Supplied material
====

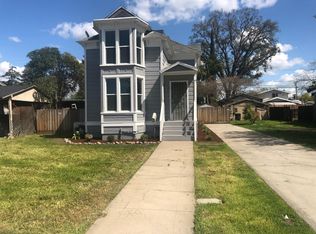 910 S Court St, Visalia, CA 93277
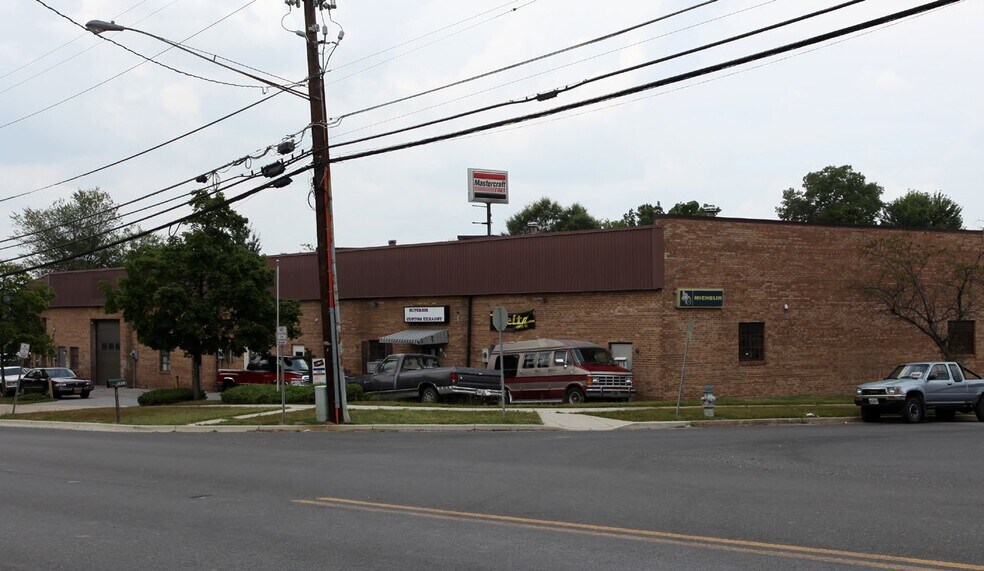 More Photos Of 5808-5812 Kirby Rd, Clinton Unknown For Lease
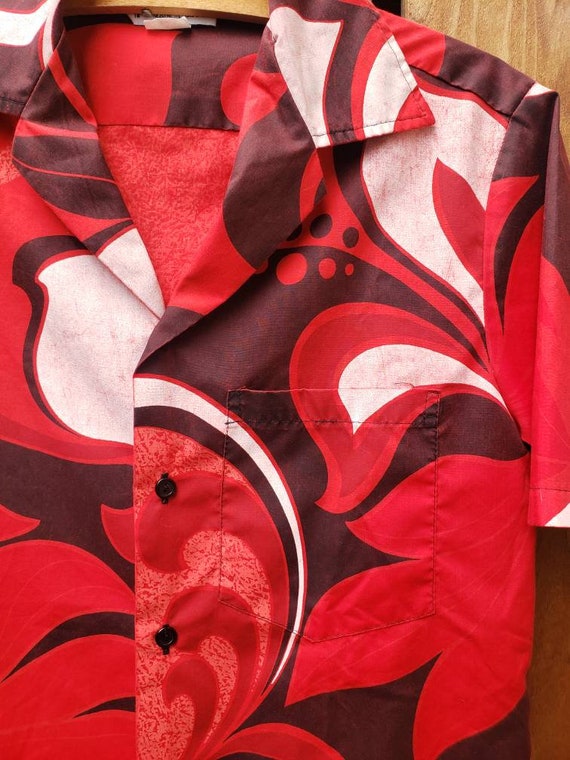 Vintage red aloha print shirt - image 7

====

Your instructions
The result should be a word-for-word restatement of all the data, without images.

Output for this task
 910 S Court St, Visalia, CA 93277
 More Photos Of 5808-5812 Kirby Rd, Clinton Unknown For Lease
 Vintage red aloha print shirt - image 7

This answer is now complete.